Once I've endeared her, she will love me

The offer I bring will cover my sin

And she, my wife, will bear to the helpmeet…

" W hat song is that?" Gwendolyn inquired of Amergin.

"The oldest," he said, chuckling. "And yet, ageless—the prayer of every man, do you not agree?"

Gwendolyn shrugged. She knew nothing about that, but she feared there was an aspect of it that rang true—every man needed heirs.

So did Pretania, and so it seemed she would bear none.

Shivering, Gwendolyn drew up the cowl of Arachne's cloak, dismayed to have so thoroughly misjudged the weather. The temperatures dropped, and the fog grew thicker the further north they journeyed until Gwendolyn rued having abandoned her father's cloak. This one could never warm her so well.

The persistent fog was turning her mood as grey as those infernal fogous , sending a chill through her bones, hovering like a brume, coloring the landscape to match her mood. Somehow, it muffled all sounds, creating an eerie silence that revealed only the faintest rustle of leaves beneath their hooves, and Gwendolyn suspected it wasn't natural. Cool and clammy against her skin, it left her testy, making her long for the warmth of a fire… and Málik.

By now, her clothes were damp and dirty, and her curls were matted with leaves and twigs from sleeping on a leaf-strewn ground, but at least it concealed her army, and the cold wasn't so brisk as it was in the underlands . There, she'd had no cloak at all until the end of her journey, and if she could weather that, she could weather this.

Resolved to endure the discomfort, knowing there were worse things than to shiver against a bit of cold, she marveled how changed she was—how differently she viewed such things as adversity and misadventure. Before her sojourn into the underlands , she would have suffered this cold like a petulant child, and no doubt, she had harried Málik for every moment of their journey to Chysauster.

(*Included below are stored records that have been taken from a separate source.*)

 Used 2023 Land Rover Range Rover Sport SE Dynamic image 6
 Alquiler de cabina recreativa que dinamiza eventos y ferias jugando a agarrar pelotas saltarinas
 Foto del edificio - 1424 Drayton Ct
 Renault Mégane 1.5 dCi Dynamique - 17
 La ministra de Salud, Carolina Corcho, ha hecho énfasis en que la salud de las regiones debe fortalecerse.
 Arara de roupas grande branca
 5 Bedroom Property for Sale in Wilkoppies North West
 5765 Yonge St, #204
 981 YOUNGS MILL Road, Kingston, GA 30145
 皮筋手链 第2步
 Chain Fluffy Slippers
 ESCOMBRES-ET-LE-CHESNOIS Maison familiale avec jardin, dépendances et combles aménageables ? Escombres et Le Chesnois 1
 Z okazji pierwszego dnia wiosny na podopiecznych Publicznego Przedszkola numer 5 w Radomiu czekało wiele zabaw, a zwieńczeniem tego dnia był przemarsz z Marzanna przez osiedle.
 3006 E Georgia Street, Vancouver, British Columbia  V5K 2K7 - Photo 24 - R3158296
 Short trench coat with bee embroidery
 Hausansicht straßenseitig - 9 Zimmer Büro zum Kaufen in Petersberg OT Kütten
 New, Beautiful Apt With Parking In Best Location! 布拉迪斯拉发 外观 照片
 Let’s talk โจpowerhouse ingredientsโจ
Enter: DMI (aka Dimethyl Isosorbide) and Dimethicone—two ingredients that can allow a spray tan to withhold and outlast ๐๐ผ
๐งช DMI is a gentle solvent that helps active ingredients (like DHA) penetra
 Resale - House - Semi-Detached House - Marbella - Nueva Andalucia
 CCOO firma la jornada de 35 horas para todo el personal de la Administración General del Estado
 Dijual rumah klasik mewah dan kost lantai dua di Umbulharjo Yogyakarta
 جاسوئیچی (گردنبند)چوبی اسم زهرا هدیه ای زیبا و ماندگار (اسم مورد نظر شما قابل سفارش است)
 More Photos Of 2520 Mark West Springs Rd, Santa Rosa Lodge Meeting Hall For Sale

Smiling ruefully over that bittersweet memory, she yearned for those days when the worst of her troubles had seemed only the question of a mester's death. Alas, all but for the yearning for Málik's affections, those days were long gone. Whilst Lir, Amergin and Emrys rode at her side—Amergin either singing or arguing with Emrys, he and Bryn had ridden at the back of their cavalcade and the repeat of it all, day in, day out, grew wearisome.

Meanwhile, thoughts of Málik grew like brambles in her mind, ensnaring all other thoughts, until, after a while, even the Druids' conversation held no interest for her. Málik's absence by her side was like a gaping wound, raw and excruciating. She missed the way his silver hair rippled at his back with the breeze… how his pale-blue eyes twinkled with mischief. Every passing moment without him felt like an eternity. And yet, every time she thought about riding back to speak to him, something kept her from going—perhaps fear of rejection?

Or perhaps simply pride.

Whatever the case, Gwendolyn found herself rooted in her saddle, staring wistfully at the path ahead in a trance-like stupor. When the brothers fell away to discuss something in private, leaving Amergin to ride at her side, alone, she seized the opportunity for conversation. Giving her reins a tug, she sidled closer to Amergin, giving him a nod, and the old Druid returned it, smiling companionably.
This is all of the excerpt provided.